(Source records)

- Opening Delimiter -

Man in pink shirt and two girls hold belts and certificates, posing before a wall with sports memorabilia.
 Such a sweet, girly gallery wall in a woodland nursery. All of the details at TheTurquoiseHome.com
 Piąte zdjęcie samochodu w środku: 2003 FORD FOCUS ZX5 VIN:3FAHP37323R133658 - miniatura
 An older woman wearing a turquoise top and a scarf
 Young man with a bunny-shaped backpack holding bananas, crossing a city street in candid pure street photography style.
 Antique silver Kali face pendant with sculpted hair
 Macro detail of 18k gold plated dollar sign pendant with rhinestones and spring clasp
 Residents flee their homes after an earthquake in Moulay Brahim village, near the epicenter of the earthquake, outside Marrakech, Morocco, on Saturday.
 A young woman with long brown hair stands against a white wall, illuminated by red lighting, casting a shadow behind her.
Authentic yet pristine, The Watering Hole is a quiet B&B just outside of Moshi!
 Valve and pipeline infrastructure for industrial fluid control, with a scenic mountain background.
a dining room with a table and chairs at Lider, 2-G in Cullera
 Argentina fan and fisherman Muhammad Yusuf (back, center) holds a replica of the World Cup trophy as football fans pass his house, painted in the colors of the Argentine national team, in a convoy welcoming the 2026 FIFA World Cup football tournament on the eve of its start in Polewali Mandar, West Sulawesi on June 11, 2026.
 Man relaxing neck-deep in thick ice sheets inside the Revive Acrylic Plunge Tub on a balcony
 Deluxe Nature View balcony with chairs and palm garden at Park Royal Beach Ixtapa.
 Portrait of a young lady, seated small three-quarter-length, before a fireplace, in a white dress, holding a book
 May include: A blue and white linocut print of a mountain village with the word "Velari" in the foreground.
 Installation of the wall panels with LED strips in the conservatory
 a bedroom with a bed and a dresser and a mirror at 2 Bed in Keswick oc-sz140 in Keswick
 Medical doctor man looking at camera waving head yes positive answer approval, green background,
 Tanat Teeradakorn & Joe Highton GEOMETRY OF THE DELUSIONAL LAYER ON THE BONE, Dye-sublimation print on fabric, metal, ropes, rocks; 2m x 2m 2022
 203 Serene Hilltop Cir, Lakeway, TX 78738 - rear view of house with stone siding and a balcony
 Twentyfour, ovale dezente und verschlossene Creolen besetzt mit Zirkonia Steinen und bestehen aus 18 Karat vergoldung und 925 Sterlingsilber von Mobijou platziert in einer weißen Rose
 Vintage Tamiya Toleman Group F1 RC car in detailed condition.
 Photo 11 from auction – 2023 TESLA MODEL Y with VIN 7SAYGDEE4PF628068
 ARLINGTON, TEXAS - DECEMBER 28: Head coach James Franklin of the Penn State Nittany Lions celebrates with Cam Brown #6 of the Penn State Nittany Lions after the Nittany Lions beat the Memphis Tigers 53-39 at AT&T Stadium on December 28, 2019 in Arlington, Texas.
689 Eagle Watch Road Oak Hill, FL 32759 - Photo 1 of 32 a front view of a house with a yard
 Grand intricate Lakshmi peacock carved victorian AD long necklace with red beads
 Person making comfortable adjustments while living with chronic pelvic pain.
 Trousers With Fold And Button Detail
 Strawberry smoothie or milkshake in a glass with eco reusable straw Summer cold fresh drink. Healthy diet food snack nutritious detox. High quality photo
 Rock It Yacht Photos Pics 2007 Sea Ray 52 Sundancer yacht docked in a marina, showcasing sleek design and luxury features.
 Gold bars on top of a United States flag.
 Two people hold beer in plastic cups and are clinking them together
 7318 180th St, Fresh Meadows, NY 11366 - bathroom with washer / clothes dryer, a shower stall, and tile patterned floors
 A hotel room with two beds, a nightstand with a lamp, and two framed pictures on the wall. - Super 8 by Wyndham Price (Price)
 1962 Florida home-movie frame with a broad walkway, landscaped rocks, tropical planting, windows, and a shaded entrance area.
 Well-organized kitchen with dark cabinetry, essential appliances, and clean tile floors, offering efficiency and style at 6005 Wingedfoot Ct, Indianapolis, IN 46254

- Closing Delimiter -

Problem details: Whenever a line in the entries holds the word "village", copy that line.

Written reply:
 Residents flee their homes after an earthquake in Moulay Brahim village, near the epicenter of the earthquake, outside Marrakech, Morocco, on Saturday.
 May include: A blue and white linocut print of a mountain village with the word "Velari" in the foreground.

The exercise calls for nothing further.